Population Dynamics and the Evolution of Virulence in Epidemiological Models with Discrete Host Generations

Abstract

Chaos is the likely outcome of the interaction between a parasite and a host with discrete generations, if the parasite's virulence is high and if transmission from one generation to the next is held constant. We studied two alternative routes of transmission—vertical transmission from infecteds to their offspring, and transmission via long-lasting spores produced in those individuals that were killed by the infection—to investigate the influence of the transmission route on the system's evolution and population dynamics. The major results are: (1) vertical transmission often leads to low virulence, thus confirming most epidemiological models.

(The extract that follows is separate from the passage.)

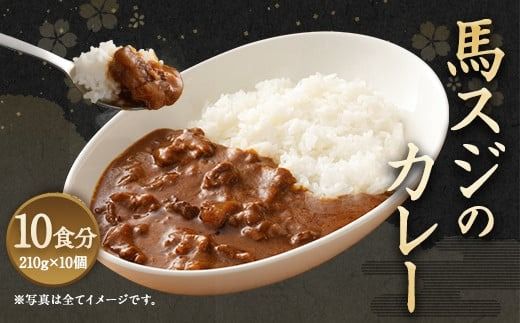 馬スジのカレー 10食セット 10人前 合計2.1kg 馬スジ 馬肉 カレー レトルト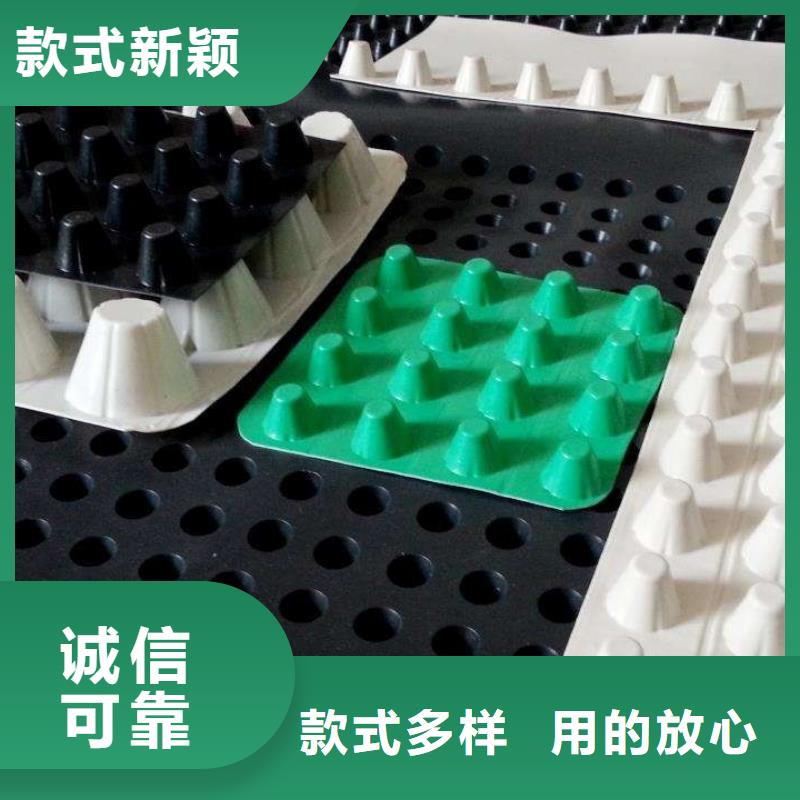 塑料排水板实力厂家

However, if hosts can become super-infected, the evolutionary dynamics of virulence can have several equilibrium points, including 100% disease-induced mortality; (2) when parasites are transmitted with long-lasting spores, the evolutionary dynamics of virulence can become unstable, leading to the repeated bifurcation of two sub-populations with high and low virulence or to punctuated equilibria with sudden changes in the average level of virulence; (3) in general, the evolution of virulence moves the system to an area where the population dynamics are stable. When evolution leads to chaos, the system most often becomes extinct. Only for a restricted parameter space in the system where transmission from one generation to the next is via long-lasting spores do the dynamics become chaotic without extinction of the system.